The first attempt at a national constitution was the Articles of Confederation, offered to the states in 1777 and finally ratified in 1781. The defects of the Articles of Confederation soon became clear, and a movement began to replace them with another document that would create a stronger national government. To this end, the Constitutional Convention met in Philadelphia from May 29 to September 17, 1787, with 55 delegates representing all states except Rhode Island.
The Constitution that was finally agreed upon represented three great compromises: between those favoring a strong national government and those preferring states' rights, between the large states and small states, and between slave states and free. In the struggle for ratification of the Constitution by the states, the great influence was the brilliant series of essays entitled The Federalist, published anonymously in 1787 and 1788 by Alexander Hamilton, James Madison, and John Jay.
The Constitution comprises a preamble, seven articles, and a number of amendments. The preamble states the the document's purpose. The first three articles deal with the legislative, executive, and judicial branches of the federal government. Article IV deals with interstate relations and the admission of new states. Article V provides for amendments. Article VI declares the Constitution to be the supreme law of the land and superior to any state constitution, while Article VII provides for the ratification of the document itself.
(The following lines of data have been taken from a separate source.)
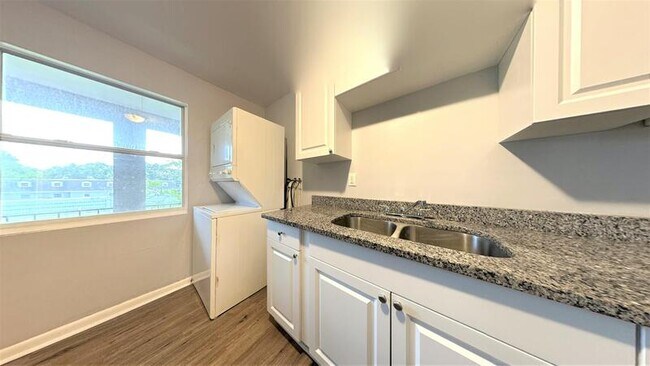 Foto del edificio - 1045 11th Ave NW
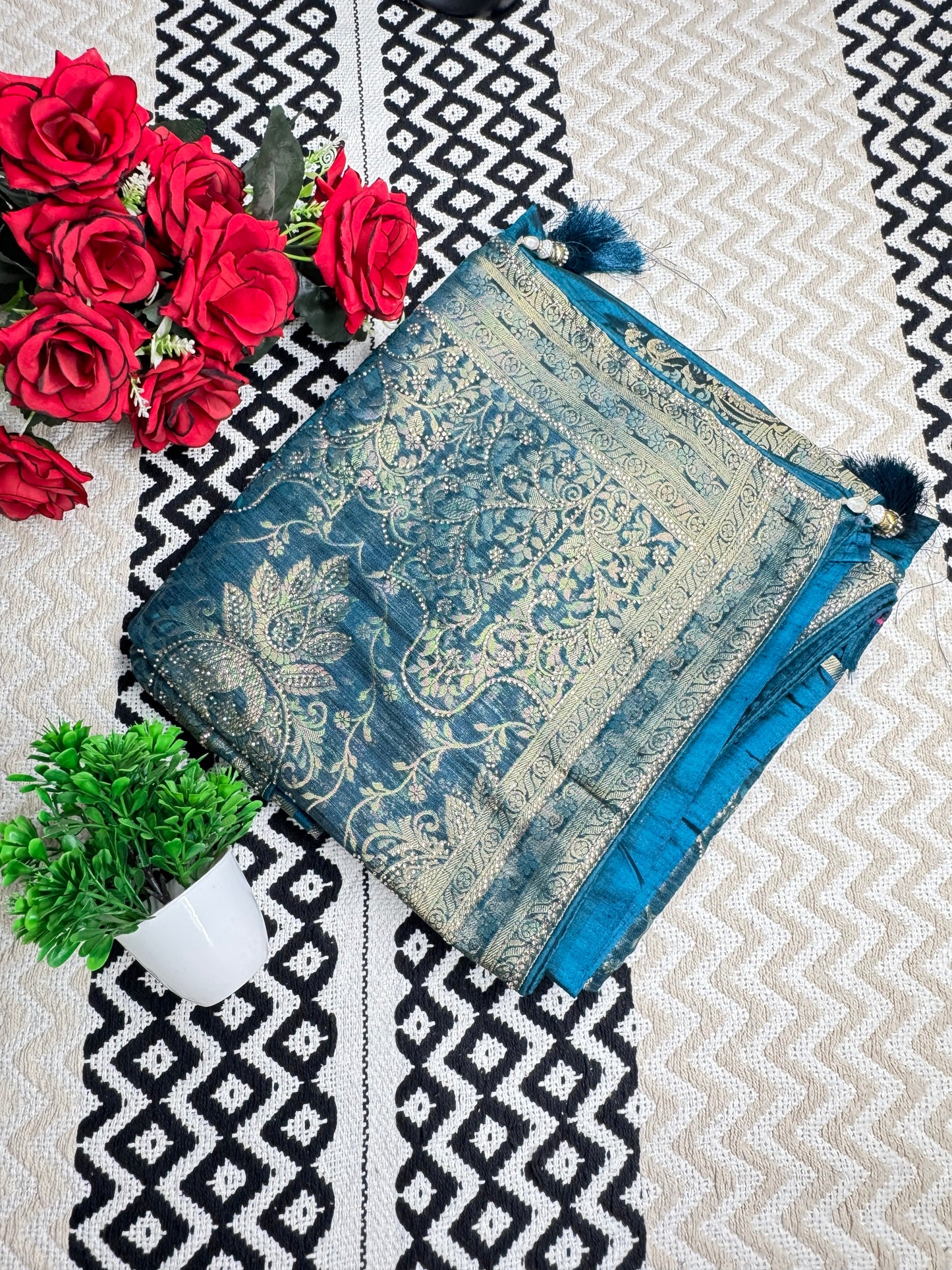 Premium Dola Silk Saree with Rich Zari Border🧵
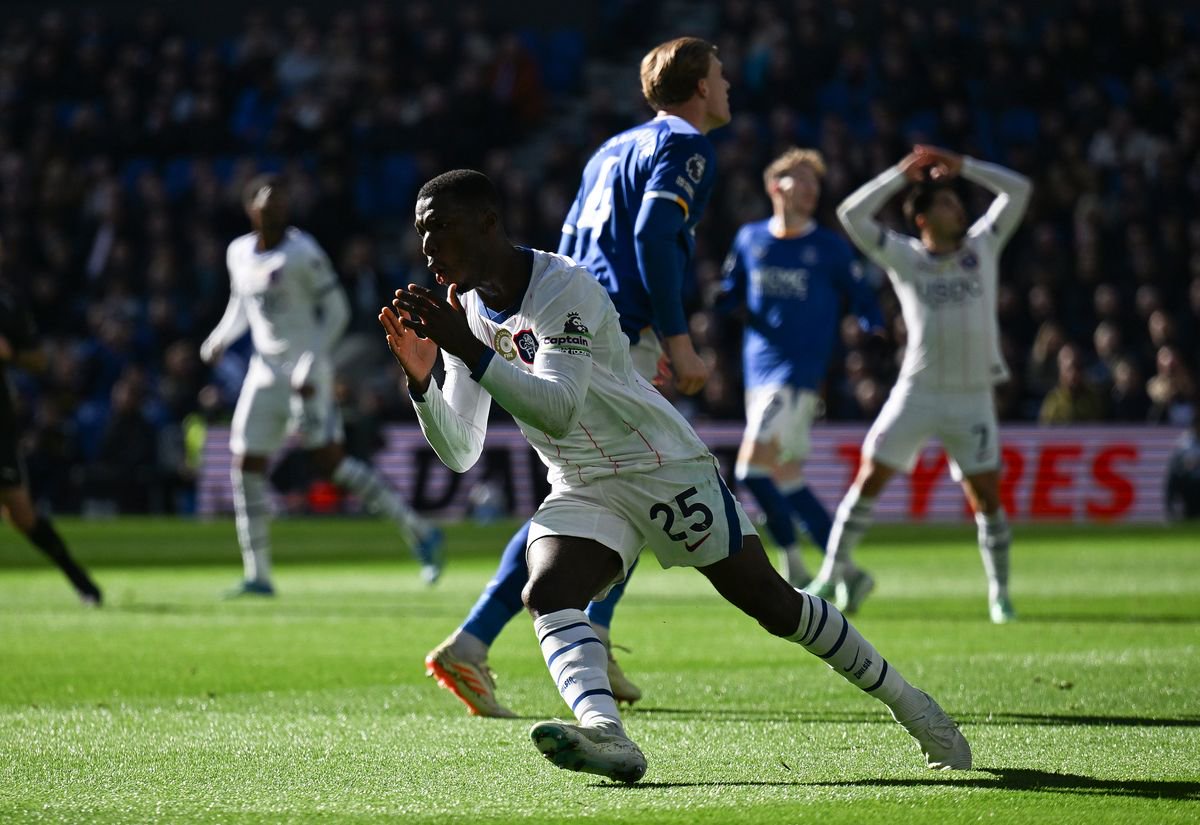 Moises Caicedo was so close to a stunning first-half strike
The first 10 amendments to the Constitution, ratified in 1791, were drafted and submitted to the states because there had been widespread criticism of the Constitution for its lack of a bill of rights. Although there are others in the category, these amendments are now universally known as the Bill of Rights. The power to interpret the Constitution was established by the Supreme Court ruling in Marbury v. Madison to be the court itself.
Quotes regarding United States Constitution.
By Alexander Hamilton
Constitutions should consist only of general provisions; the reason is that they must necessarily be permanent, and that they cannot calculate for the possible change of things.
Speech in 1788
By James Madison
With respect to the words "general welfare," I have always regarded them as qualified by the detail of powers connected with them. To take them in a literal and unlimited sense would be a metamorphosis of the Constitution into a character which there is a host of proofs was not contemplated by its creators.
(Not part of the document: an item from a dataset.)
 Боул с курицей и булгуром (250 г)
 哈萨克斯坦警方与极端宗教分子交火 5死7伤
Letter written to James Robertson, April 20, 1831
By Henry Clay
The Constitution of the United States was made not merely for the generation that then existed, but for posterity—unlimited, undefined, endless, perpetual posterity.
Speech in the US Senate, 1850
By Oliver Wendell Holmes
The interpretation of constitutional principles must not be too literal. We must remember that the machinery of government would not work if it were not allowed a little play in its joints.
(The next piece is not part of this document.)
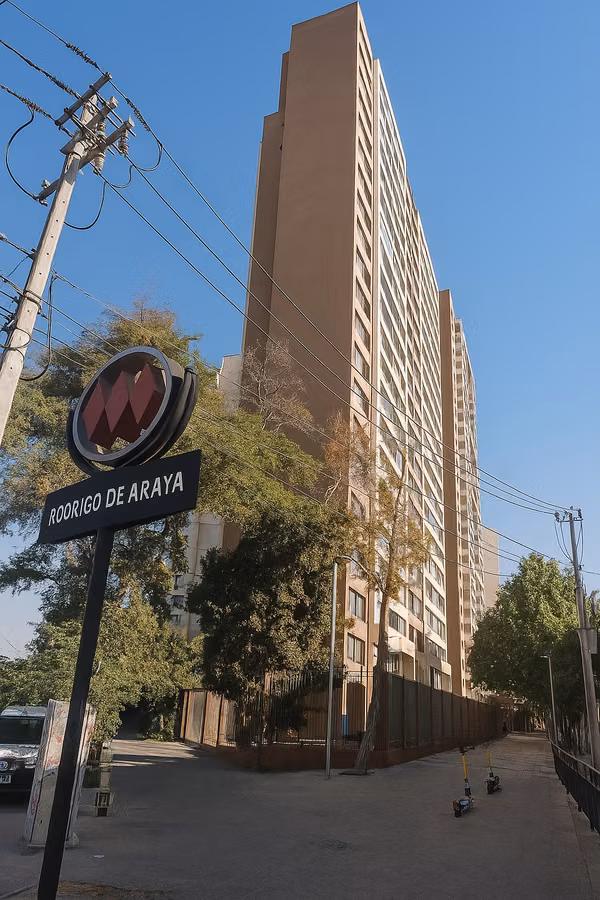 Departamento 1D con balcón cerca Metro Rodrigo de Araya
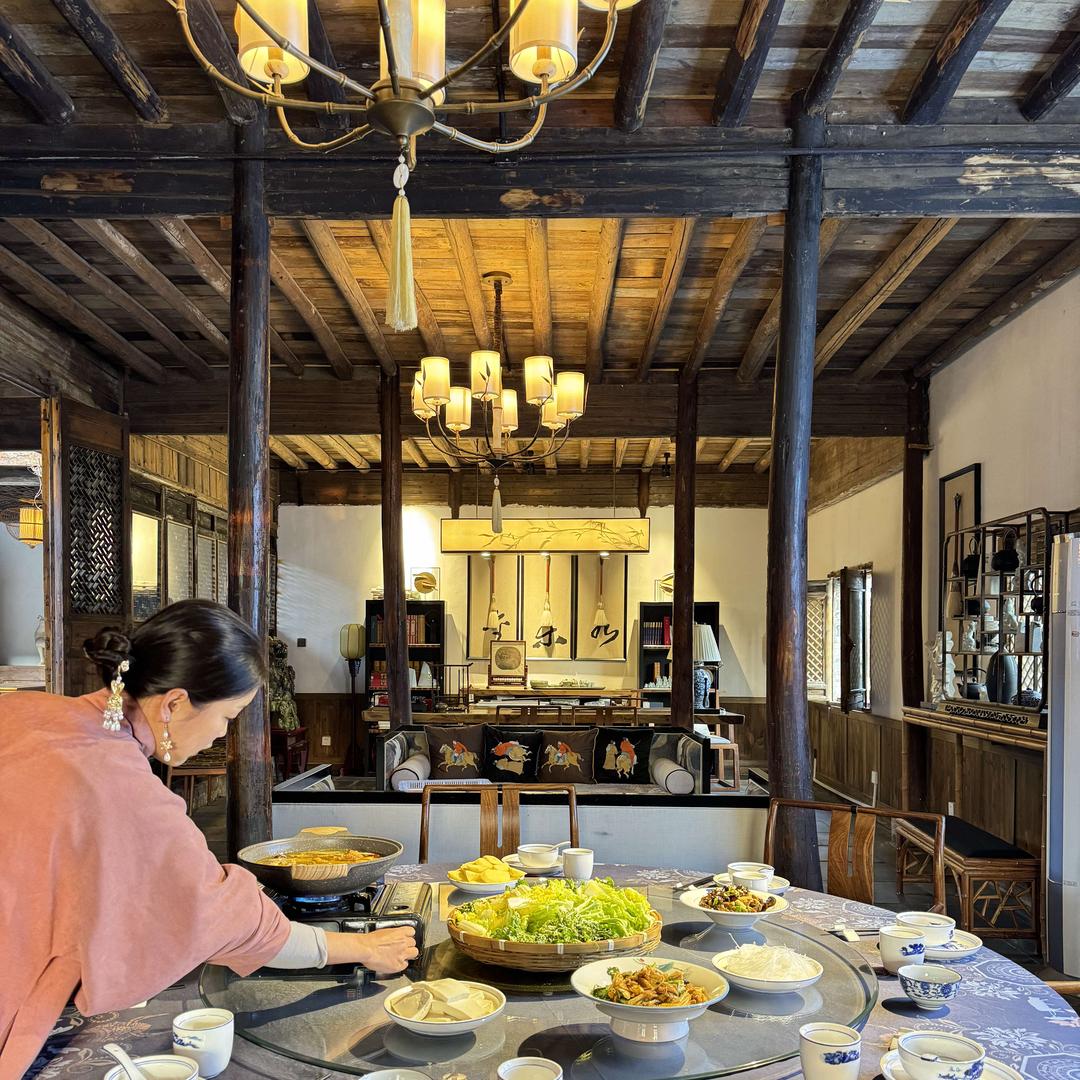 美味鲜竹荪体验餐厅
Writing in the case of Bain Peanut Co. v. Pinson, 1931
By William Lloyd Garrison
The compact which exists between the North and the South is a covenant with death and an agreement with hell.
A resolution adopted by the Anti-Slavery Society on January 27, 1843
By Alexis de Tocqueville
The best laws cannot make a constitution work in spite of morals; morals can turn the worst laws to advantage.
By James K. Polk
By the theory of our Government majorities rule, but this right is not an arbitrary or unlimited one. It is a right to be exercised in subordination to the Constitution and in conformity to it. One great object of the Constitution was to restrain majorities from oppressing minorities or encroaching upon their just rights. Minorities have a right to appeal to the Constitution as a shield against such oppression.
Inaugural Address, 1845
By John Marshall
The people made the Constitution, and the people can unmake it. It is the creature of their own will, and lives only by their will.